Partie 7 | Une délégation de La Via Campesina a visité la Palestine en décembre 2024 : Notes de leurs carnets de bord quotidiens

31 mars 202528 avril 2025

Du 8 au 18 décembre 2024, une délégation de neuf paysan·nes s’est rendue en Cisjordanie, en Palestine. Leurs organisations font toutes partie du mouvement paysan international La Via Campesina, qui compte parmi ses membres l’Union des comités de travail agricole (UAWC), organisation palestinienne.Depuis de nombreuses années, La Via Campesina se tient aux côtés des paysannes et des paysans palestiniens face à la colonisation, aux accaparements de terre et d’eau, et aux multiples violations des droits humains dont ils sont victimes. Mais depuis 2023, l’ampleur des massacres à Gaza et l’intention génocidaire non-dissimulée du gouvernement d’extrême-droite israélien ont amené La Via Campesina à renforcer son travail de solidarité avec les paysans palestiniens. Organiser la visite d’une délégation en Cisjordanie s’est donc peu à peu imposée comme une évidence.

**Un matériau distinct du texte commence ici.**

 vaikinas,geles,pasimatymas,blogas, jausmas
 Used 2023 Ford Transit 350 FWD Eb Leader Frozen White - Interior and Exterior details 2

Au vu des obstacles posés par l’État Israélien pour accéder aux territoires palestiniens, tous les délégués étaient européens, venus du Pays Basque, de Galice, d’Italie, du Portugal, d’Irlande et de France.Nous, Fanny et Morgan, sommes toutes deux paysannes, en Ardèche et en Bretagne, et membres de la Confédération Paysanne. Les textes qui suivent sont notre carnet de bord pendant ces dix jours .


Jour 8 – Hébron

Morgan

Après le petit déjeuner, nous allons visiter la « salle des trésors » : la banque de semences de l’UAWC. Dans la plupart des pays, l’État est chargé de collecter et de s’assurer de la préservation du patrimoine semencier. Comme l’autorité palestinienne n’en a pas les moyens, en Palestine, c’est l’UAWC qui remplit cette mission essentielle pour l’agriculture. 76 variétés végétales sont gardées ici, pour la plupart des semences de légumes. Nous sommes impressionnés par le sérieux et la technicité des pratiques de conservation. Des tests de germination sont réalisés régulièrement sur tous les lots. Différentes salles à des températures et des niveaux d’humidité différents sont utilisées pour les stades de la conservation. De gros congélateurs complètent le dispositif. Kelo, qui est lui-même producteur de semences au Pays Basque, est très impressionné.

Nous découvrons des machines très spécifiques : des trieurs, des séchoirs, des germinateurs, etc. L’équipe de la banque de semences nous explique que le plus important ne se trouve pas ici, mais bien dans les champs des paysans palestiniens qui utilisent ces semences, assurent leur reproduction et les sélectionnent pour permettre une adaptation constante des graines aux différents terroirs et aux évolutions du climat. Un réseau de plus de mille paysannes et paysans participe à ce travail. Fuad nous explique que l’UAWC tente de faire expédier des semences à Gaza, car il est essentiel que les paysans de l’enclave puissent faire redémarrer la production agricole pour produire la nourriture qui manque tant à l’heure actuelle. La menace d’un raid de l’armée israélienne sur le bâtiment où se trouve la banque des semences les inquiète aussi beaucoup, c’est pourquoi ils ont décidé de mettre à l’abri des semences dans différents lieux en Palestine, mais aussi dans la réserve mondiale de semences de Svalbard au Spitzberg.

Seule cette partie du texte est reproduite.